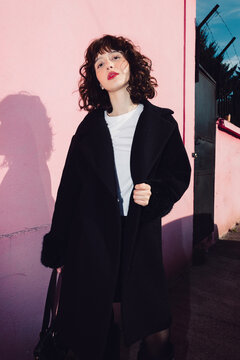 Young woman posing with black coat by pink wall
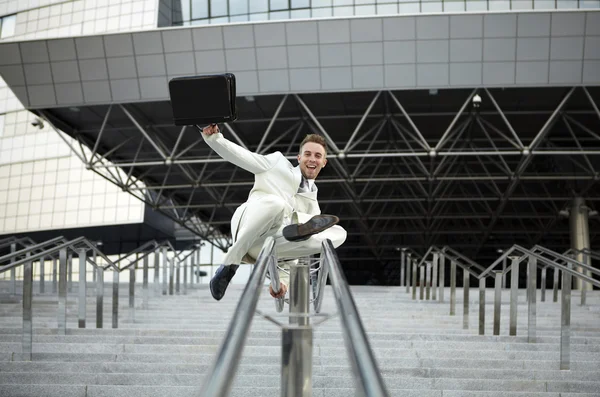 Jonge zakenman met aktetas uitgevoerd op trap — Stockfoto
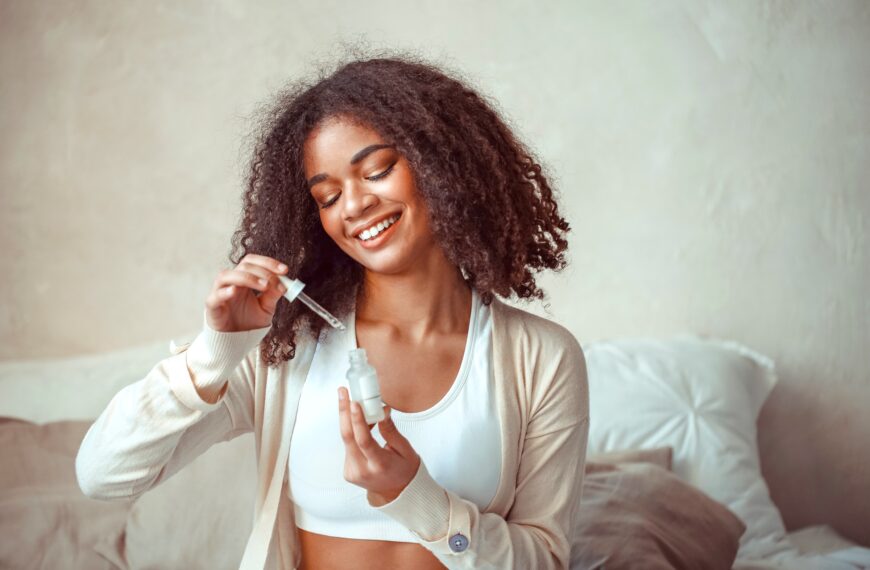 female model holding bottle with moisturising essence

• • • • • • •

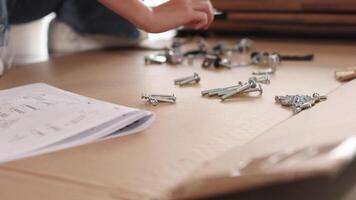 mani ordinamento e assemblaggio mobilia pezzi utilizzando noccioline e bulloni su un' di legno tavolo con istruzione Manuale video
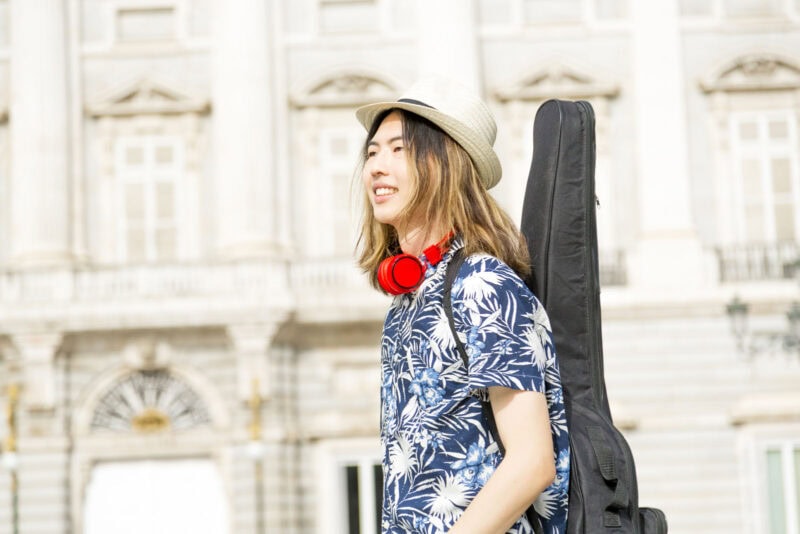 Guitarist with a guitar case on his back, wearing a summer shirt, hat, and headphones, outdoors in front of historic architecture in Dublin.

• • • • • • •

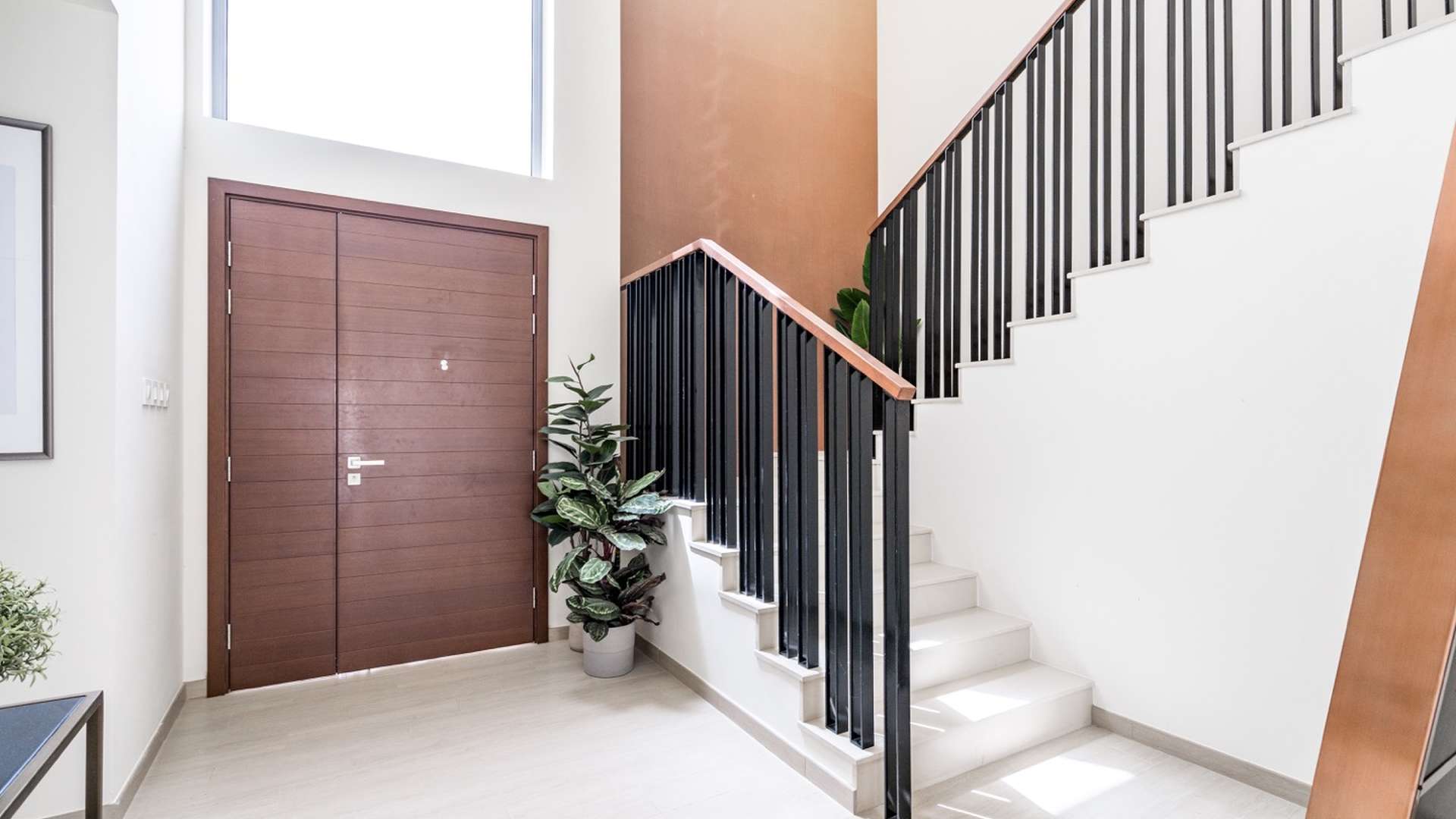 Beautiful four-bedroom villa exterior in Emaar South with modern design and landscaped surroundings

• • • • • • •

EXERCISE AIM: Look above for the line holding "Jonge zakenman met" and output everything from it down to the line holding "female model holding", both ends included, exactly and without images.

TASK OUTPUT:
 Jonge zakenman met aktetas uitgevoerd op trap — Stockfoto
 female model holding bottle with moisturising essence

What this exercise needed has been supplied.